**Action item**. Apart from the pictures, every entry should be reproduced exactly.

(Saved data entries)
►

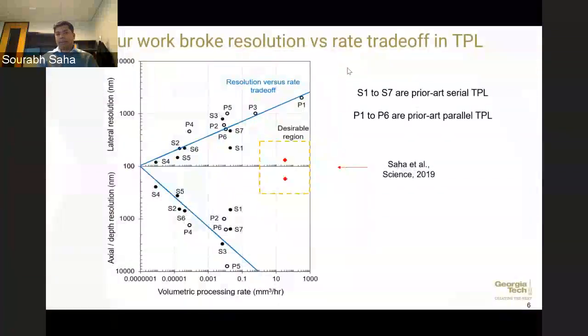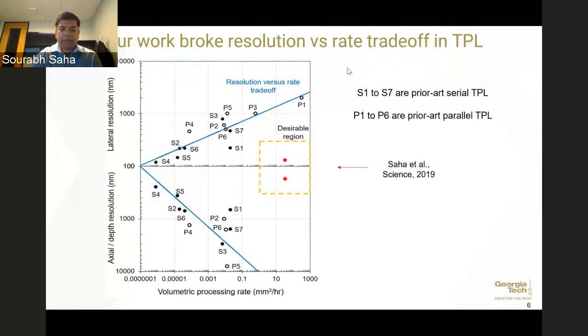When we started scaling up two-photon lithography, we looked at all previous attempts to increase throughput. We saw this trade-off between throughput and resolution. A lot of researchers had tried to scale up two-photon lithography; they were successfully increasing throughput but failed to get very small features at very high rates. Our work broke this trade-off — we can make features up to 130 nanometers wide, not just in the plane of printing but also along the depth direction, making true 3D features. Let me go into the background of two-photon lithography before coming back to how we achieved high throughput.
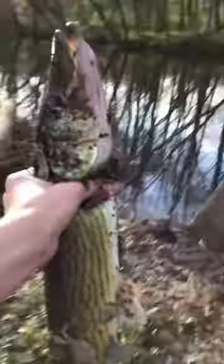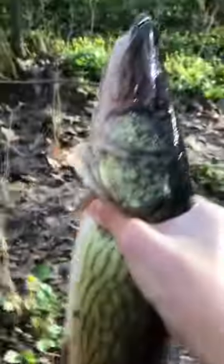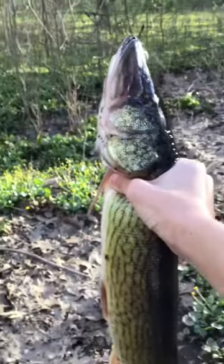I just caught this pickerel out of the river — it's a pretty nice size one. I'm about to release it for you, so here's a better look at the fish without it being all dirty. Nice pickerel right there, and now I'm gonna release it for you.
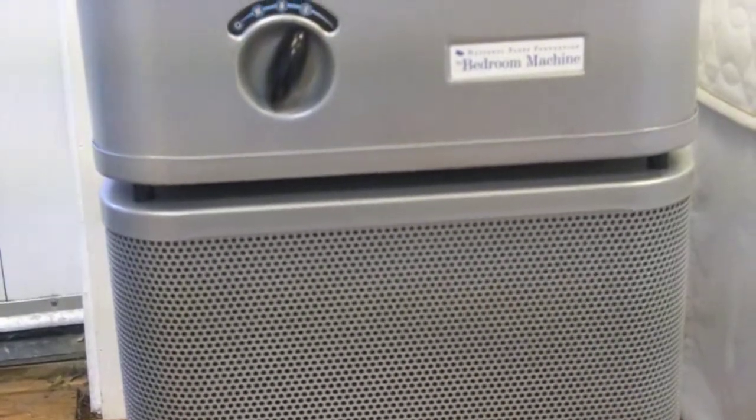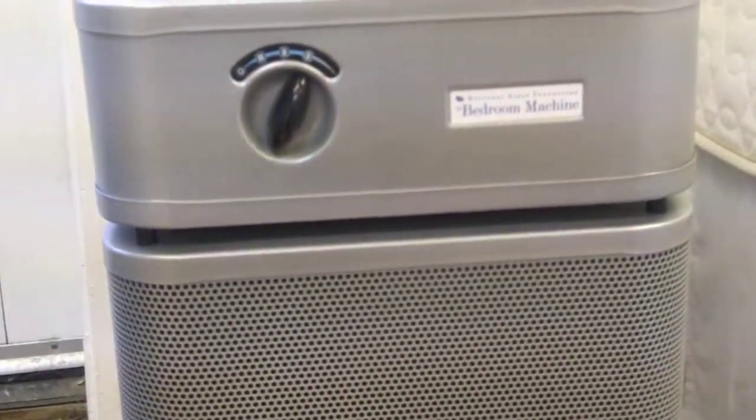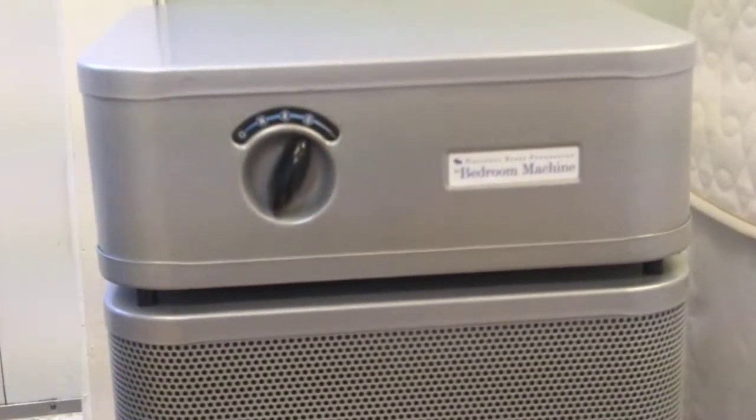This system is the ultimate defender against allergens that would disturb a restful night's sleep. The Clean Bedroom is confident that your night's sleep will be cleaner and healthier with an Austin Air filtration system. For specific information regarding different models and pricing, please visit us at thecleanbedroom.com.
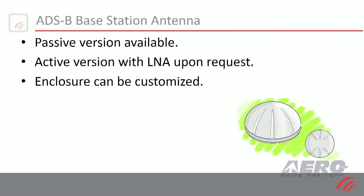The standard version is passive. We have versions with a low-noise amplifier for those installations where you would have a long coax cable. We can do custom filtering again to keep out strong interference from radar. And as with all our products, it can be customized with a radome to your specifications with your logo.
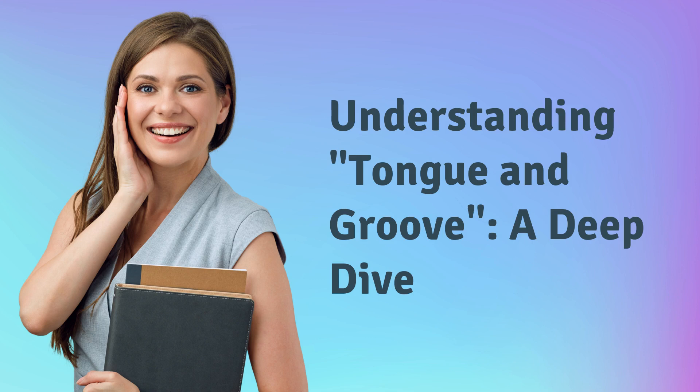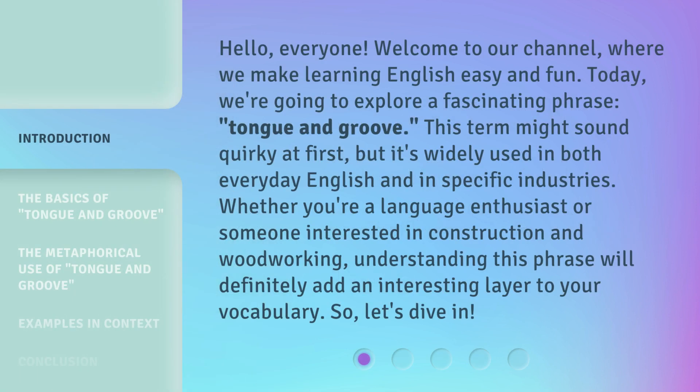Understanding Tongue and Groove: A Deep Dive. Hello, everyone. Welcome to our channel, where we make learning English easy and fun. Today, we're going to explore a fascinating phrase: Tongue and Groove. This term might sound quirky at first, but it's widely used in both everyday English and in specific industries. Whether you're a language enthusiast or someone interested in construction and woodworking, understanding this phrase will definitely add an interesting layer to your vocabulary. So, let's dive in.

◄

**Task output**.
When we started scaling up two-photon lithography, we looked at all previous attempts to increase throughput. We saw this trade-off between throughput and resolution. A lot of researchers had tried to scale up two-photon lithography; they were successfully increasing throughput but failed to get very small features at very high rates. Our work broke this trade-off — we can make features up to 130 nanometers wide, not just in the plane of printing but also along the depth direction, making true 3D features. Let me go into the background of two-photon lithography before coming back to how we achieved high throughput.
I just caught this pickerel out of the river — it's a pretty nice size one. I'm about to release it for you, so here's a better look at the fish without it being all dirty. Nice pickerel right there, and now I'm gonna release it for you.
This system is the ultimate defender against allergens that would disturb a restful night's sleep. The Clean Bedroom is confident that your night's sleep will be cleaner and healthier with an Austin Air filtration system. For specific information regarding different models and pricing, please visit us at thecleanbedroom.com.
The standard version is passive. We have versions with a low-noise amplifier for those installations where you would have a long coax cable. We can do custom filtering again to keep out strong interference from radar. And as with all our products, it can be customized with a radome to your specifications with your logo.
Understanding Tongue and Groove: A Deep Dive. Hello, everyone. Welcome to our channel, where we make learning English easy and fun. Today, we're going to explore a fascinating phrase: Tongue and Groove. This term might sound quirky at first, but it's widely used in both everyday English and in specific industries. Whether you're a language enthusiast or someone interested in construction and woodworking, understanding this phrase will definitely add an interesting layer to your vocabulary. So, let's dive in.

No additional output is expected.